NEW YORK—JPMorgan Chase & Co., the New York-based banking giant, said this week that its third-quarter profit increased by 23 percent compared to the same quarter last year, mainly due to smaller borrowing costs.
JPMorgan is the first big bank to report third quarter earnings, and reported that profits rose to $4.4 billion from $3.6 billion a year earlier. The profits translate to roughly $1.01 per share, which exceeded analyst consensus of around 89 cents per share.
The profit is mainly driven by smaller borrowing costs to fund its operations, as revenues actually dropped 15 percent compared to last year.
“Although our mortgage and credit card portfolios continued to bear very high net charge-offs. Our mortgage delinquency trends remained relatively flat compared with the prior quarter, and we expect mortgage credit losses to remain at these high levels for the next several quarters,” said CEO Jamie Dimon in a statement.

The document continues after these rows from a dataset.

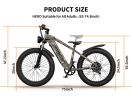 E-bike 26"1000W Electric Bike 52V 20Ah battery SAMSUNG All-terrain EBike Mountain Bicycle(Camouflage)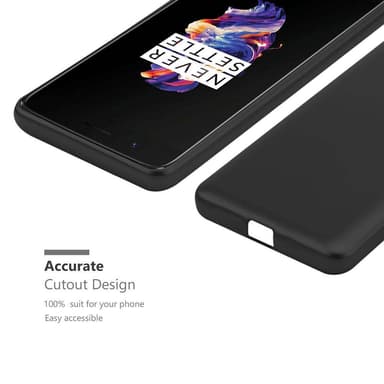 OnePlus 5 Suojakuori Kotelo (Musta)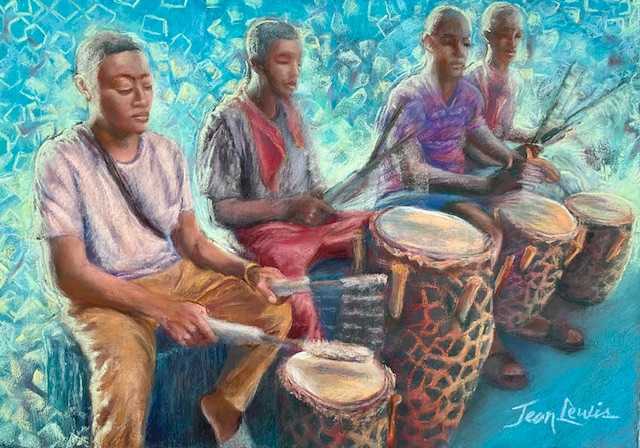 The Kumasi Drummers by Jean Lewis 
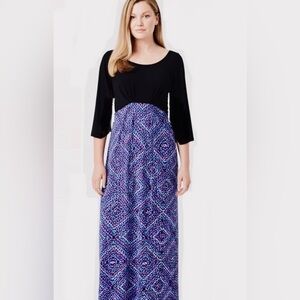 Bob Mack is geometric maxi dress size small sp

Tier 1 capital ratio at the bank was 9.5 percent for the quarter, exceeding the requirements proposed by the new Basel III banking capital rules released last month.
Going forward, Dimon expects credit card and mortgage delinquencies to continue to fall, but warned that if economic conditions worsen, the company’s credit losses could turn higher.
Around $3.2 billion was set aside for non-payments by customers, a 67 percent decline from the $9.8 billion reserved for losses last year.